It’s TFSA (Tax-Free Savings Account) top-up season, and for the many Canadian investors wondering where to spend the last sum (again, $7,000 for this year), there are a wide range of solid options as the TSX Index looks to follow up an excellent 2025 with more of the same in 2026. Arguably, expecting another market boom like last year’s is simply unrealistic. But that doesn’t mean decent results are off the table, especially as the driving forces behind the stellar TSX Index run continue to hum along.
At the same time, however, potential downside risks also increase as valuations rise.
Notably, the gold and silver scene has been booming lately and could be at risk of something more vicious than a correction (perhaps a severe bear market) if the tide were to suddenly turn and investors suddenly feel better about the macro picture.
The profit-taking risk in some overheated corners of the market is real. And for investors concerned about chasing names near the top, I think a more discerning stock picker is a good choice.

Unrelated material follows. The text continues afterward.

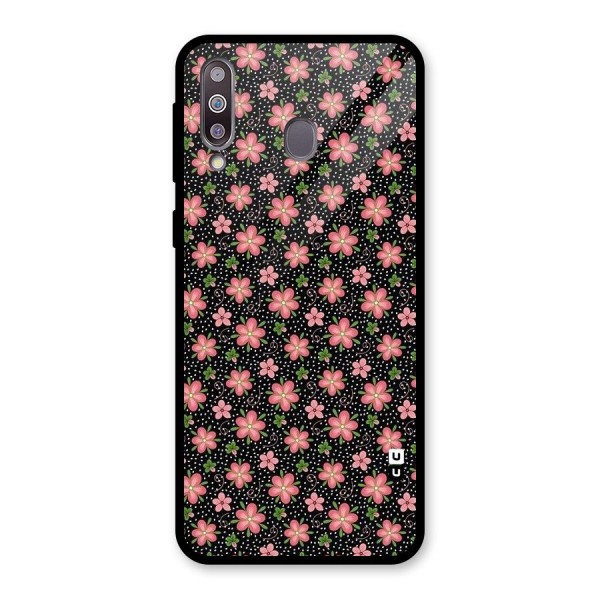 Cute Tiny Flowers Glass Back Case for Galaxy M30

Are investors overly optimistic in 2026?
While I’m certainly not bearish on Canadian stocks or the broader TSX index for 2026, I think investors should always be ready for a correction. And while the valuations certainly aren’t obscene yet, I think it makes sense to push for better discounts, even if they are harder to come by, because the stakes seem to be getting a little higher.
It’s times like these, when momentum is high and bearish events are overlooked (even 100% rate threats failed to derail the big TSX Index rally) when it pays to be just a little more cautious, conservative and defensively focused. Certainly, the so-called “TACO” (Trump Always Chickens Out) trade could gain popularity again.
But I think ignoring potential risks is always a bad idea. Rather than trading based on Trump tariffs or geopolitical events, I think investors would be much better off looking for undervalued companies and buying into them for the next seven to eight years, rather than trying to get in and out of stocks based on news events. Unless you are a seasoned trader who has an appetite for losing money, investing instead of trading may be the best choice, especially in an era when trading is seen as more exciting and attractive to newcomers to the market.
Fortis is an excellent defensive dividend payer
So, what are the best Canadian stocks to consider with a TFSA? Personally I think Fortis (TSX:FTS) is an excellent defensive choice to buy at a time when market risks may be underestimated. Ignoring market-wide risks may have paid off in 2025, but things could turn around and investors will have to be ready to sell, especially if markets overshoot, setting the stage for the return of a bear market moment.
With a nice 3.48% dividend yield, a boring but very predictable growth plan for the next few years, and less choppiness than the TSX, playing defense with new TFSA money might be a smart move. Of course, no stock, not even Fortis, is guaranteed to emerge unscathed after a market correction or something worse. But I would bet on FTS stock for its relative outperformance once the tide finally comes in and fear rises.